I am going to attempt to write this post without crying. It may be one of the hardest posts that I will ever write but as a vet, a mother and now a vegan (at the very late age of 52), I feel that everyone has a right to know about the life of a dairy cow so that you can make the decision yourself about feeding you and your family a vegan balanced diet.
We are the only mammals or creatures on this earth that use the milk from another mammal to feed us as adults – we do not even use our own mammalian milk to sustain us when we grow teeth and start to eat solid foods as we do not need milk from another mammal in our diets. Most of the world’s population is lactose intolerant for this very reason – it is normal to be lactose intolerant as we do not need milk and any dairy products in our diets.
A cow has to have a calf to produce milk
This is something just so basic and yet every bit of large corporate advertising that we see, shows content cows grazing in a lush field and we’re told how happy they are. This makes us sit back on our sofas and continue eating our dairy milk and cheese sandwiches and drinking our tea guilt free as we are being shown only what the corporates want us to know. We never see any calves suckling on these ‘happy’ cows as there is a reason:
The first thing we subject a dairy cow to is artificial insemination so that the sperm is of the highest quality to yield the best milk producer. A cow is restrained in a pen while a hand is placed up her rectum and a probe inserted in her vagina to feel for the correct placement of the sample. As a vet student watching this procedure, all I was taught was how efficient this process is as it reduces costs to a farmer having to get in a bull and semen can be imported from anywhere in the world to produce the best milk yielding dairy cow. When I imagine it now as a vegan; my thoughts go to the feeling of the entire process on a cow who has to endure this completely unnatural and very painful process once a year as a cow has to have a calf to produce the milk we so badly want from her.

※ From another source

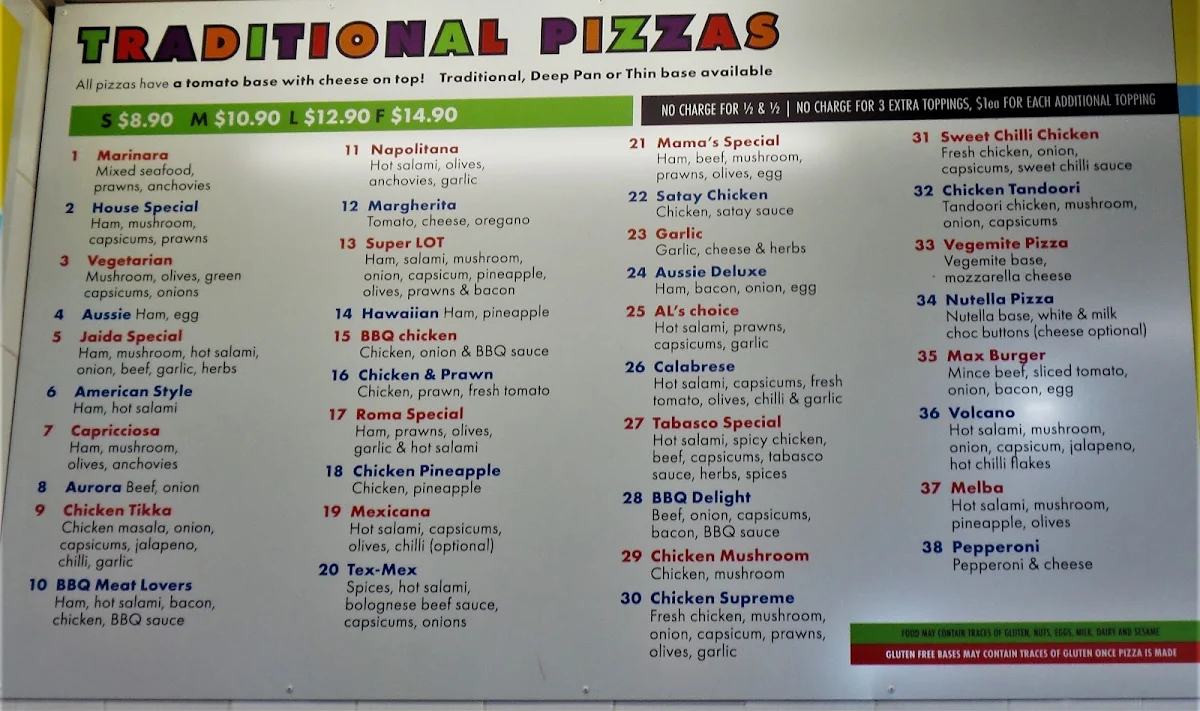 Menu, Belvedere Pizza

A few weeks later, the cow will be restrained again in a holding pen, her tail pulled up and a rectal exam done this time using a probe to decide if she is in calf – yet more unnecessary discomfort. If she is not in calf, she may have to endure the entire insemination process again, otherwise she is sent on a truck to slaughter.
Her time being pregnant will be a happy one – she will be allowed to graze on the fields, but to ensure adequate growth of both her and her calf, she is fed on a mixture of supplements that are completely artificial to a herbivore – fishmeal is added to their feed (full of the heavy metals that fish can quite naturally survive on), and she will be given a mixture of antibiotics and anthelmintics to prevent the growth of undesirable bacteria and worms in an intensive environment.

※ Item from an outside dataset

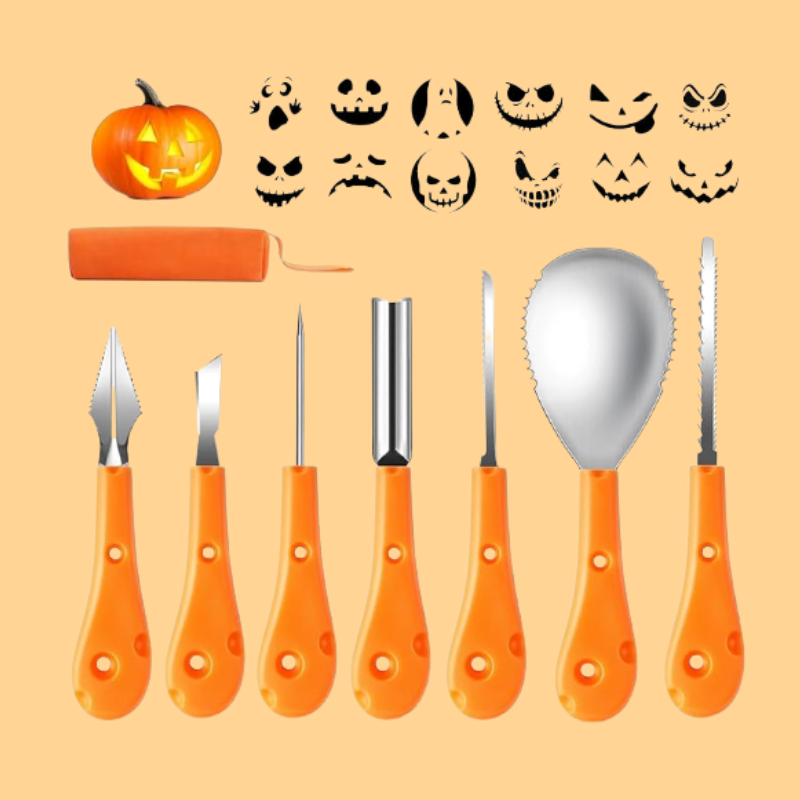 Greatever Halloween Pumpkin Carving Kit,Professional and Heavy Duty Stainless Steel Tools,Pumpkin Carving Set with12 Pumpkin Stencils Carrying Case(7pcs)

This is the section I find hard to write being a mother and a mammal and knowing how strong the hormone rush is once your baby is born and how strong the desire is to nurture and care for your young is. When a calf is born, it is dragged away from the mother as soon as it comes out
Farmers talk of the sound of the mother pleading and crying for her young that she is programmed to want to lick and nurture to ensure a good milk flow and bonding, but the calf is removed and instead of being given the enormously sustaining colostrum, it is taken to a feeding pen with other calves and fed on a watered down version of its own mother’s milk so that we can use her produce.
If the calf is a female, it will be taken away to live the same life as its mother, but if it is a male, it will be kept away from the warmth of its mothers milk and caring protection in a very small pen, to prevent the growth of too much muscle as ‘veal’ is a cut of meat from a finer, younger animal before it develops and these calves are slaughtered as young as 3 days old as described very matter of fact in this Wikipedia link.
As she will be milked artificially by 4 plugs attached to her teats, there is a strong chance of her developing the very painful condition of mastitis as it is not her own calf that is causing the let-down reflex. She may have to have antibiotics inserted in her nipples and all milk that is produced by each cow is allowed to have a permissible amount of pus or bacteria in it.
The saddest bit about the life of a dairy cow, is that this will happen year after year and the mental stress that an inquisitive and highly emotive hormonal cow must feel with every loss of her calf, can in my mind only be described as ‘torture’ to provide us with something that we do even need and are not even supposed to digest.